• [Work order]
Transcribe every record without leaving anything out or changing a word.

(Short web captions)
- Opening Delimiter -

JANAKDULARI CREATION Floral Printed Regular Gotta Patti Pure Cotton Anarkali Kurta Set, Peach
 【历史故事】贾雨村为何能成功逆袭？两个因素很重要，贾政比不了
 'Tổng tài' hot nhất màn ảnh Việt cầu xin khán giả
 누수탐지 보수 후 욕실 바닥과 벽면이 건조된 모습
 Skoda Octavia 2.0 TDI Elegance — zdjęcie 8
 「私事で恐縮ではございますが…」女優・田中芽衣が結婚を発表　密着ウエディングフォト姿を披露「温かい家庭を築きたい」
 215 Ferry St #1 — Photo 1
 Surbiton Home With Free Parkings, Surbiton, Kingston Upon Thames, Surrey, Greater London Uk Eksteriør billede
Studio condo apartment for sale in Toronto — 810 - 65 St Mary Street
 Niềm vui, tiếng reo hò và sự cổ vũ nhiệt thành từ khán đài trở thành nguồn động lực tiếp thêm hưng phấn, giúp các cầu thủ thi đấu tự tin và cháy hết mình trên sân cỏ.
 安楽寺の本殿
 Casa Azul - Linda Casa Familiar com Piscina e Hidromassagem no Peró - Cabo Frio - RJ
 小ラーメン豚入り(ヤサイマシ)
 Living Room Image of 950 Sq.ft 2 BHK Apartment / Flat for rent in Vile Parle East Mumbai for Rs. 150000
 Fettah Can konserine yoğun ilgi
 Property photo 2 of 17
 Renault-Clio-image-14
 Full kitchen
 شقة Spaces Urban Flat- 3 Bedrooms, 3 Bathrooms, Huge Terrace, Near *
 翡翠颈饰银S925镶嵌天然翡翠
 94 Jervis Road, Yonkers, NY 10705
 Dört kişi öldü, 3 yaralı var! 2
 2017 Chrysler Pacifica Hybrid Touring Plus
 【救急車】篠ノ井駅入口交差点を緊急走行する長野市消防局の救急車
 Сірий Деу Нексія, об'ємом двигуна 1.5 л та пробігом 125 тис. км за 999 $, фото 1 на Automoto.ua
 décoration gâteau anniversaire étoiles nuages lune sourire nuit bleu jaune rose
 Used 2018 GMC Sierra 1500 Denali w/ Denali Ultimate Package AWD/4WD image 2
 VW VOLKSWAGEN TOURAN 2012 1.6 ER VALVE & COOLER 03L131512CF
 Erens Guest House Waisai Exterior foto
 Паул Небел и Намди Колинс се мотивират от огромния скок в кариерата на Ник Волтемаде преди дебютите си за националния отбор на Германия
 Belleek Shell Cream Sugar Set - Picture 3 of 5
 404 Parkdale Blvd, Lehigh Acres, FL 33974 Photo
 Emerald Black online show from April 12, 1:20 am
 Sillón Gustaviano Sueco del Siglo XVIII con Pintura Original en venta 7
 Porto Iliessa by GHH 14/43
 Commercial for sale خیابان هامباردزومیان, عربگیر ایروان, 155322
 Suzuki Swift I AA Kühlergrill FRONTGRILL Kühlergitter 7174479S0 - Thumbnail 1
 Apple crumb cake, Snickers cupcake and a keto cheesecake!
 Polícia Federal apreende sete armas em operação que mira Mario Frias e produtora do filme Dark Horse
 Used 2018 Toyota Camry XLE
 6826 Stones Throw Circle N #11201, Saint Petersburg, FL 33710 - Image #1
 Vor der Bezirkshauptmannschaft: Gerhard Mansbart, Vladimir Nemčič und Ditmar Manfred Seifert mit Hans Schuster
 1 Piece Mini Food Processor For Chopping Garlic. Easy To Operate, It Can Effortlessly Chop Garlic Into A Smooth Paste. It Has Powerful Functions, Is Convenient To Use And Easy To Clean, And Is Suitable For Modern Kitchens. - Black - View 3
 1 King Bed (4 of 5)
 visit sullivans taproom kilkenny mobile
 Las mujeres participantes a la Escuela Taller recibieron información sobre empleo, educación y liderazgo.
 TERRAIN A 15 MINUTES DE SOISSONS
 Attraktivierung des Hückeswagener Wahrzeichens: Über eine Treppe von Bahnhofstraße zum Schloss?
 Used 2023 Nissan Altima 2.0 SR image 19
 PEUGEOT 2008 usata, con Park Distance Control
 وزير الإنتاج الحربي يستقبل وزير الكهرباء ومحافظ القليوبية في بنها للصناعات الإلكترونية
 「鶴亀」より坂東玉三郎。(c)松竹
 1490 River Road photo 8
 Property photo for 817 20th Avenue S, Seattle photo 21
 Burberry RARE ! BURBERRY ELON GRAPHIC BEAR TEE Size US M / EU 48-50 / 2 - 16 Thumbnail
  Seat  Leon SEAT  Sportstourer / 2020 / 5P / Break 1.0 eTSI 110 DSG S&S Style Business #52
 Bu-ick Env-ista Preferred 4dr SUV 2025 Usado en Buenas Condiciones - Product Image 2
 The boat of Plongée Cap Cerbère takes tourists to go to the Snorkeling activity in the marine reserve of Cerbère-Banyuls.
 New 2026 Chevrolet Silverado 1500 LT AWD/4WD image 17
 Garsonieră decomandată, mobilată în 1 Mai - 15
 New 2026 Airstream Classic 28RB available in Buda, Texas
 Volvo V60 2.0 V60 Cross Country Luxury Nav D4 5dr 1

- Closing Delimiter -

• [Result of this exercise]
JANAKDULARI CREATION Floral Printed Regular Gotta Patti Pure Cotton Anarkali Kurta Set, Peach
 【历史故事】贾雨村为何能成功逆袭？两个因素很重要，贾政比不了
 'Tổng tài' hot nhất màn ảnh Việt cầu xin khán giả
 누수탐지 보수 후 욕실 바닥과 벽면이 건조된 모습
 Skoda Octavia 2.0 TDI Elegance — zdjęcie 8
 「私事で恐縮ではございますが…」女優・田中芽衣が結婚を発表　密着ウエディングフォト姿を披露「温かい家庭を築きたい」
 215 Ferry St #1 — Photo 1
 Surbiton Home With Free Parkings, Surbiton, Kingston Upon Thames, Surrey, Greater London Uk Eksteriør billede
Studio condo apartment for sale in Toronto — 810 - 65 St Mary Street
 Niềm vui, tiếng reo hò và sự cổ vũ nhiệt thành từ khán đài trở thành nguồn động lực tiếp thêm hưng phấn, giúp các cầu thủ thi đấu tự tin và cháy hết mình trên sân cỏ.
 安楽寺の本殿
 Casa Azul - Linda Casa Familiar com Piscina e Hidromassagem no Peró - Cabo Frio - RJ
 小ラーメン豚入り(ヤサイマシ)
 Living Room Image of 950 Sq.ft 2 BHK Apartment / Flat for rent in Vile Parle East Mumbai for Rs. 150000
 Fettah Can konserine yoğun ilgi
 Property photo 2 of 17
 Renault-Clio-image-14
 Full kitchen
 شقة Spaces Urban Flat- 3 Bedrooms, 3 Bathrooms, Huge Terrace, Near *
 翡翠颈饰银S925镶嵌天然翡翠
 94 Jervis Road, Yonkers, NY 10705
 Dört kişi öldü, 3 yaralı var! 2
 2017 Chrysler Pacifica Hybrid Touring Plus
 【救急車】篠ノ井駅入口交差点を緊急走行する長野市消防局の救急車
 Сірий Деу Нексія, об'ємом двигуна 1.5 л та пробігом 125 тис. км за 999 $, фото 1 на Automoto.ua
 décoration gâteau anniversaire étoiles nuages lune sourire nuit bleu jaune rose
 Used 2018 GMC Sierra 1500 Denali w/ Denali Ultimate Package AWD/4WD image 2
 VW VOLKSWAGEN TOURAN 2012 1.6 ER VALVE & COOLER 03L131512CF
 Erens Guest House Waisai Exterior foto
 Паул Небел и Намди Колинс се мотивират от огромния скок в кариерата на Ник Волтемаде преди дебютите си за националния отбор на Германия
 Belleek Shell Cream Sugar Set - Picture 3 of 5
 404 Parkdale Blvd, Lehigh Acres, FL 33974 Photo
 Emerald Black online show from April 12, 1:20 am
 Sillón Gustaviano Sueco del Siglo XVIII con Pintura Original en venta 7
 Porto Iliessa by GHH 14/43
 Commercial for sale خیابان هامباردزومیان, عربگیر ایروان, 155322
 Suzuki Swift I AA Kühlergrill FRONTGRILL Kühlergitter 7174479S0 - Thumbnail 1
 Apple crumb cake, Snickers cupcake and a keto cheesecake!
 Polícia Federal apreende sete armas em operação que mira Mario Frias e produtora do filme Dark Horse
 Used 2018 Toyota Camry XLE
 6826 Stones Throw Circle N #11201, Saint Petersburg, FL 33710 - Image #1
 Vor der Bezirkshauptmannschaft: Gerhard Mansbart, Vladimir Nemčič und Ditmar Manfred Seifert mit Hans Schuster
 1 Piece Mini Food Processor For Chopping Garlic. Easy To Operate, It Can Effortlessly Chop Garlic Into A Smooth Paste. It Has Powerful Functions, Is Convenient To Use And Easy To Clean, And Is Suitable For Modern Kitchens. - Black - View 3
 1 King Bed (4 of 5)
 visit sullivans taproom kilkenny mobile
 Las mujeres participantes a la Escuela Taller recibieron información sobre empleo, educación y liderazgo.
 TERRAIN A 15 MINUTES DE SOISSONS
 Attraktivierung des Hückeswagener Wahrzeichens: Über eine Treppe von Bahnhofstraße zum Schloss?
 Used 2023 Nissan Altima 2.0 SR image 19
 PEUGEOT 2008 usata, con Park Distance Control
 وزير الإنتاج الحربي يستقبل وزير الكهرباء ومحافظ القليوبية في بنها للصناعات الإلكترونية
 「鶴亀」より坂東玉三郎。(c)松竹
 1490 River Road photo 8
 Property photo for 817 20th Avenue S, Seattle photo 21
 Burberry RARE ! BURBERRY ELON GRAPHIC BEAR TEE Size US M / EU 48-50 / 2 - 16 Thumbnail
  Seat  Leon SEAT  Sportstourer / 2020 / 5P / Break 1.0 eTSI 110 DSG S&S Style Business #52
 Bu-ick Env-ista Preferred 4dr SUV 2025 Usado en Buenas Condiciones - Product Image 2
 The boat of Plongée Cap Cerbère takes tourists to go to the Snorkeling activity in the marine reserve of Cerbère-Banyuls.
 New 2026 Chevrolet Silverado 1500 LT AWD/4WD image 17
 Garsonieră decomandată, mobilată în 1 Mai - 15
 New 2026 Airstream Classic 28RB available in Buda, Texas
 Volvo V60 2.0 V60 Cross Country Luxury Nav D4 5dr 1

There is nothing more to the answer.